_Short web captions_:

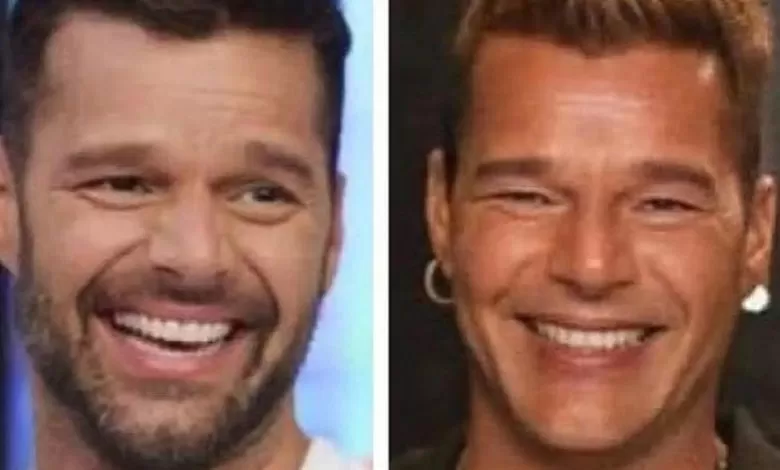 Ricky Martin Cambios En Su Rostro Que Le Paso 780x470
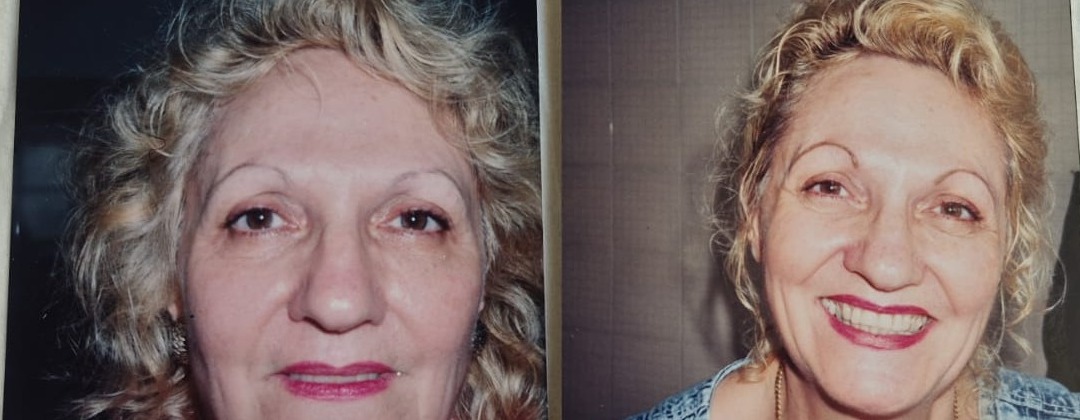 Antes e depois de maquiagem definitiva, close nas sobrancelhas, cliente loira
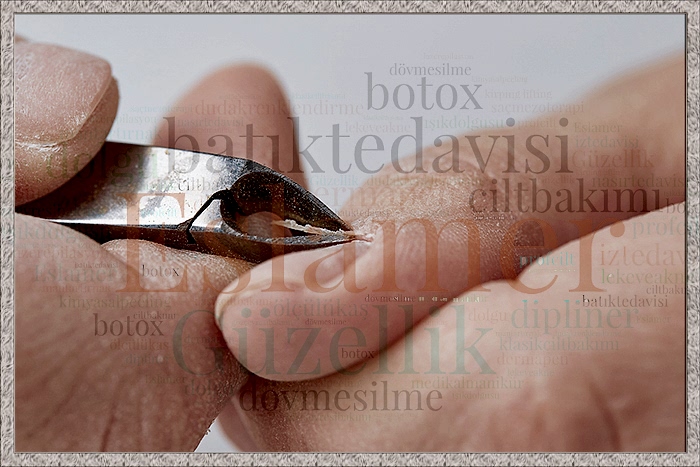 Batık Tırnak Tedavisi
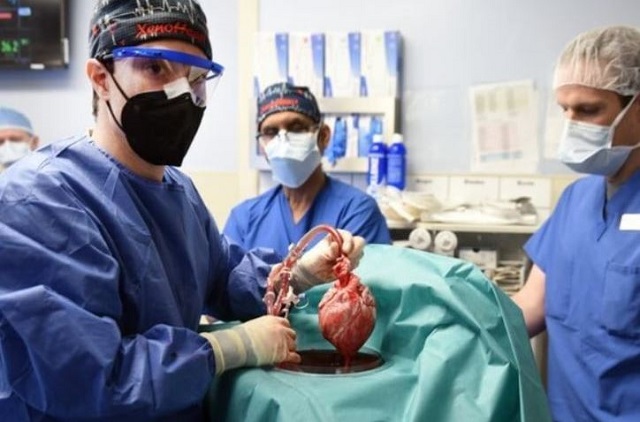 В США врачи успешно пересадили человеку свиное сердце - видео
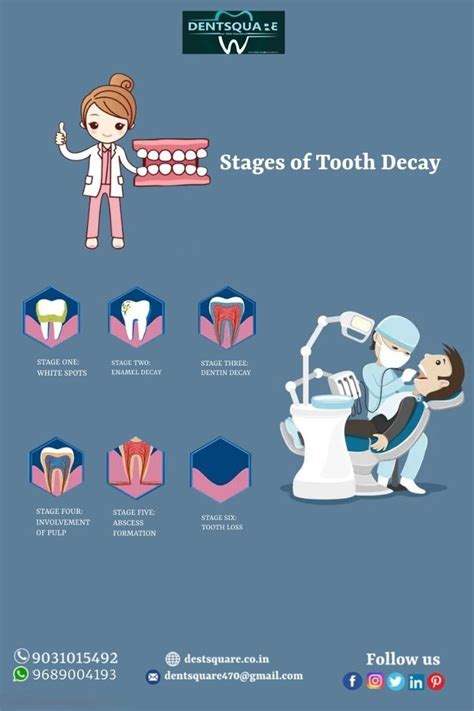 Stages of tooth decay – Artofit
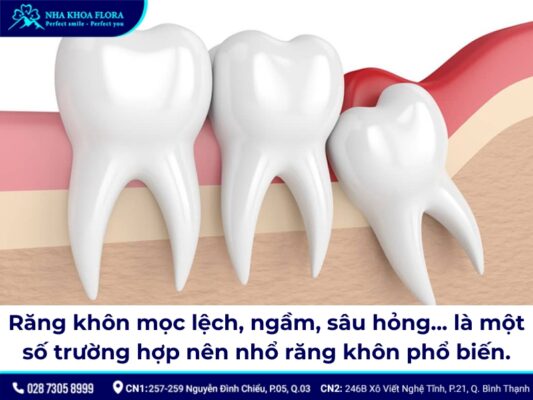 nhổ răng khôn kiêng gì - ảnh 1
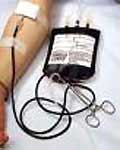 Tiny blood purifier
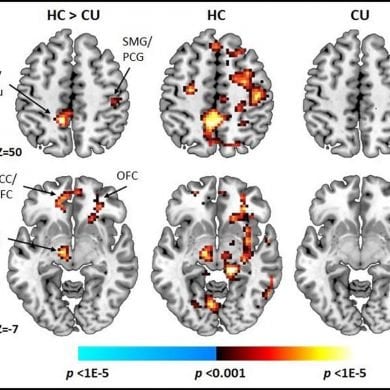 This shows brain scans from teen cannabis users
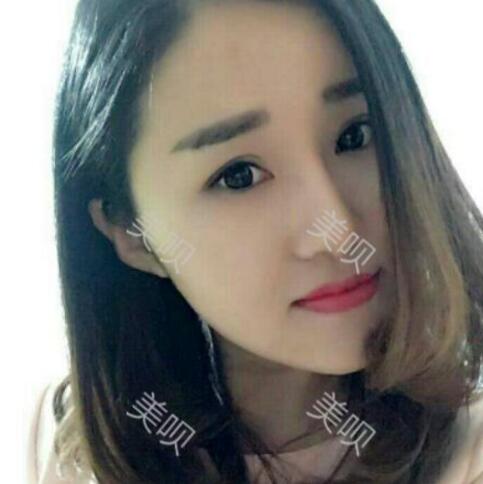 自體脂肪豐太陽穴后整個臉變得好有立體感太美了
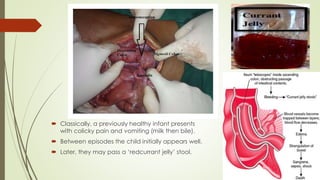  Classically, a previously healthy infant presents
with colicky pain and vomiting (milk then bile).
 Between episodes the child initially appears well.
 Later, they may pass a ‘redcurrant jelly’ stool.
 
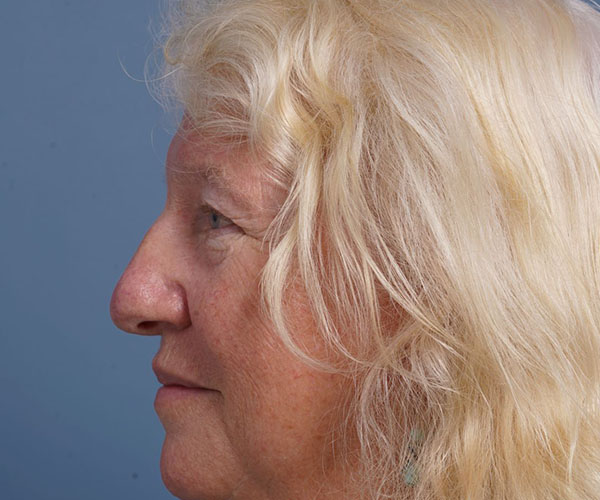 before brow lift left side view female patient case 2123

_WORK INSTRUCTIONS_: From the line containing "with colicky pain" to the final line above, both included, transcribe every line exactly and leave all pictures out.

_EXERCISE RESULT_:
with colicky pain and vomiting (milk then bile).
 Between episodes the child initially appears well.
 Later, they may pass a ‘redcurrant jelly’ stool.
 
 before brow lift left side view female patient case 2123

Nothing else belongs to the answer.